По мере роста научных знаний и многослойности художественной среды увеличивается и число авангардистских движений, стилей, направлений и стилизаций. Авангардизм рассматривает духовную культуру как бесконечный склад, из которого можно безвозмездно извлекать образы и схемы, визуальные структуры и мотивы. В свою очередь, практические и идеологические запросы общества используют его образную систему для своих рекламно-пропагандистских или конструктивно-дизайнерских целей.
Новый идолизм
Возвращение к статуям было неожиданным и дерзким. Бронзовым куклам, как называл памятники эклектики Александр
Их «родителями» являются французские монументы: Эйфелева башня и статуя «Свобода, освещающая мир» скульптора Ф. Бартольди, подаренная правительством Франции правительству США. Характерно, что автором конструкции каркаса статуи Свободы был Г. Эйфель. Так, конец XIX столетия породил новое поколение монументов, семейство которых начинало свой род от гигантских сфинксов Египта, статуи Афины на афинском Акрополе и Колосса Родосского. Вновь возродившая их традиция свидетельствует, насколько сильно было аллегорическое мышление для XX века. Но это слишком явленная, демонстрационная и потому заметная сторона возрождения скульптуры в этом столетии. Аллегоризм, свойственный столетию, помог и тут.
Правда, путь к нему, к его торжеству был не прост. Рубеж XIX—XX веков явился подлинным испытанием для судьбы пластических искусств, но в этих испытаниях рождалась новая истина: XX век стал одним из самых «скульптурных веков» за все время существования человечества. Факт этот осознан как-то плохо, хотя стоило бы просто назвать имена великих мастеров этой эпохи, чтобы понять многое: А. Майоль, Э.-А. Бурдель, К. Бранкуси, Г. Мур, А. Колдер, А. Джакометти, О. Цадкин, В. Мухина, Н. Габо, А. Певзнер, М. Марини. Велик был вклад художников, особенно А. Матисса и П. Пикассо. А ведь тут названы только важнейшие, да и то не все имена. Вольно-невольно вспоминаются также Ш. Деспио, Г. Кольбе, Э. Барлах, В. Лембрук, А. Архипенко, А. Лоран, Ж. Липшиц, Х. Гонзалес, Ф. Вотруба, Б. Хепворт, Э. Греко, Д. Манцу, Ж. Ришье, Ж.-Ф. Ипостегю, а скульпторами выступили живописцы П. Боннар, А. Дерен, А. Модильяни, Ж. Брак, Э. Кирхнер, М. Шмидт-Ротлюфф, Э. Нольде, К. Кольвиц, Г. Арп, А. Родченко, Х. Грис, Р. де ла Френей, У. Боччони, М. Эрнст, Л. Бруни, Х. Миро, Э. Дебюффе, А. Тышлер и др. К списку стоит добавить разные объекты, создаваемые минималистами, поп-артистами, гиперреалистами, которые пополнили своими «лаконичными средствами» и муляжами и без того впечатляющую галерею фантастических образов, живущих в пространстве.

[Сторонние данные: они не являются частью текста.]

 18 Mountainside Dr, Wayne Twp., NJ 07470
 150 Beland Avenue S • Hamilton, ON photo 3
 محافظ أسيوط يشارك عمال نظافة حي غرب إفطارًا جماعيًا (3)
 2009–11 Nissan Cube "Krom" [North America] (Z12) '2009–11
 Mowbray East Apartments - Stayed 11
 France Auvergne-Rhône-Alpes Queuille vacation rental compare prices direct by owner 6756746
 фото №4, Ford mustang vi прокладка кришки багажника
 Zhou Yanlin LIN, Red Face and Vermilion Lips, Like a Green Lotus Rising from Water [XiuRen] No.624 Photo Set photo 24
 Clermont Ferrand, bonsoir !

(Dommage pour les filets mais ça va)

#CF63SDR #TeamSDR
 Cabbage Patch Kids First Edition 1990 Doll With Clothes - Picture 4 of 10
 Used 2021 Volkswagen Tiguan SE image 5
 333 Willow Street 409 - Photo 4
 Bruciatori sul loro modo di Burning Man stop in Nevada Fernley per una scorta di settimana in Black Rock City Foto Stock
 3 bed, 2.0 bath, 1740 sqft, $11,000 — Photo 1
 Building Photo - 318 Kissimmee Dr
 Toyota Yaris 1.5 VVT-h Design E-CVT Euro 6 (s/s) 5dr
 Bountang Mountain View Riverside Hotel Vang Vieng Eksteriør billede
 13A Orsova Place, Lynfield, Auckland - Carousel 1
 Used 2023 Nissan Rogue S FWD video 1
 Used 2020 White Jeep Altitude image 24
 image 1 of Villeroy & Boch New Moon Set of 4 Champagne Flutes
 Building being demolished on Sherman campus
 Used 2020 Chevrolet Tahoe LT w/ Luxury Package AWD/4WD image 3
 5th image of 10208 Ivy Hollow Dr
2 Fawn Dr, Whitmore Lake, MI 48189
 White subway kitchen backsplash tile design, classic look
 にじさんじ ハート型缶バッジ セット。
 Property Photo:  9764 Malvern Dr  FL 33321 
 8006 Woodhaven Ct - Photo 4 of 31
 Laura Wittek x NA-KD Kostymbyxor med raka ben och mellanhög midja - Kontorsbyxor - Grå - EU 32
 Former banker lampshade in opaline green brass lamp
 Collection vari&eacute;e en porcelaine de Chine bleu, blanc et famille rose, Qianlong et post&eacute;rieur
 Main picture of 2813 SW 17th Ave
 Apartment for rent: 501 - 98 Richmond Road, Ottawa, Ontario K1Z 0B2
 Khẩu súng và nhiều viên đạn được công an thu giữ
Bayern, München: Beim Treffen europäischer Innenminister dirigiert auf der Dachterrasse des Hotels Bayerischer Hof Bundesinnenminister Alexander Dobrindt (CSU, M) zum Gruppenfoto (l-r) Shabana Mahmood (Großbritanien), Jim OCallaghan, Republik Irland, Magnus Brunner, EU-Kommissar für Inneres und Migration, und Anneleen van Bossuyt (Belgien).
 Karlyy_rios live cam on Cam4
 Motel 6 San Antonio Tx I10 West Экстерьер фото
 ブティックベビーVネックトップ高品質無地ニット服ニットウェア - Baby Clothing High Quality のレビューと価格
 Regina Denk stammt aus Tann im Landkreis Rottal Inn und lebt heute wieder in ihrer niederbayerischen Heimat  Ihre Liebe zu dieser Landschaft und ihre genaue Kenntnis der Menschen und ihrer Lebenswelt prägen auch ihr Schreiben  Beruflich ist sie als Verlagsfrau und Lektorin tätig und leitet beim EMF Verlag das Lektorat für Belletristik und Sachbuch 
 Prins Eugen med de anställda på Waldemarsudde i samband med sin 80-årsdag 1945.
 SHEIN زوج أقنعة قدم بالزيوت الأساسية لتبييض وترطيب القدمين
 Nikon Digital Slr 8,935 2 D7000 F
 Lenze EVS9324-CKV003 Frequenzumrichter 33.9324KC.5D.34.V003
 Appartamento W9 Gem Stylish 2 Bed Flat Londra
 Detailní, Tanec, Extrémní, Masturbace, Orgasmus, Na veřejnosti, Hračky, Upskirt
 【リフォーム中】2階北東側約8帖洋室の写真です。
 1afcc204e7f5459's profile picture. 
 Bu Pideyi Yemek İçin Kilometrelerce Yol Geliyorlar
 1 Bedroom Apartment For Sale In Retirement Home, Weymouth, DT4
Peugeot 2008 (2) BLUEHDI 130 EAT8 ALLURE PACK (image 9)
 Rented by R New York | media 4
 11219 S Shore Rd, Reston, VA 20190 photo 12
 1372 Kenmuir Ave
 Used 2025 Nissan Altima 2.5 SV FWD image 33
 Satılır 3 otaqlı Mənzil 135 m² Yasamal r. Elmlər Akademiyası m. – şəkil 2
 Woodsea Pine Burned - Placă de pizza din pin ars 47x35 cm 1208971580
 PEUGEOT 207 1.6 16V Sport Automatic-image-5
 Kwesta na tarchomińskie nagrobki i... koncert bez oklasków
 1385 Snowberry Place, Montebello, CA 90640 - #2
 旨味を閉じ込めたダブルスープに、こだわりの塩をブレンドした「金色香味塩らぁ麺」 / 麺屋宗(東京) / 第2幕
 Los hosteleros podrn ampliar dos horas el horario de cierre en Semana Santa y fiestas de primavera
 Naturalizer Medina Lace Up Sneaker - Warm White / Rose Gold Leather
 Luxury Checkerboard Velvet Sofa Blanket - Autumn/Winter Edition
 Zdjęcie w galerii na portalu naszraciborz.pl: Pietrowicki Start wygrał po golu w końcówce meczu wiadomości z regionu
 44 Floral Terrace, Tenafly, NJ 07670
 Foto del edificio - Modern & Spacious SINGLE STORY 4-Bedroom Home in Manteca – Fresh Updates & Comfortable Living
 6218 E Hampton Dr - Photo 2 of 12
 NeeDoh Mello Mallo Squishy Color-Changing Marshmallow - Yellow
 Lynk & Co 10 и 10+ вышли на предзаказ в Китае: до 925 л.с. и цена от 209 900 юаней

Как-то легко мы согласились с красивым мнением о «пластическом мышлении Эллады», которое выразилось не только в упругих формах мрамора и бронзы, но чуть ли не в строении Космоса. Но что же значил, в таком случае, пластицизм «разорванного сознания» XX века? Стремление говорить статуями было слишком явно связано с его глубоким дидактизмом, с попытками одних людей говорить через искусство с другими. Желание мобилизовать, объяснить, увлечь... Но и не только, как-то слишком очевидно, сколько мастеров оказалось востребованными, что более или менее крупный живописец стремился «обмолвиться» статуями, и более того, чем значительнее было его дарование, тем больше статуй у него имелось (достаточно вспомнить лишь Матисса и Пикассо); у каждого «изма» был свой «предел» развития в выходе своей стилистики в пространственную форму.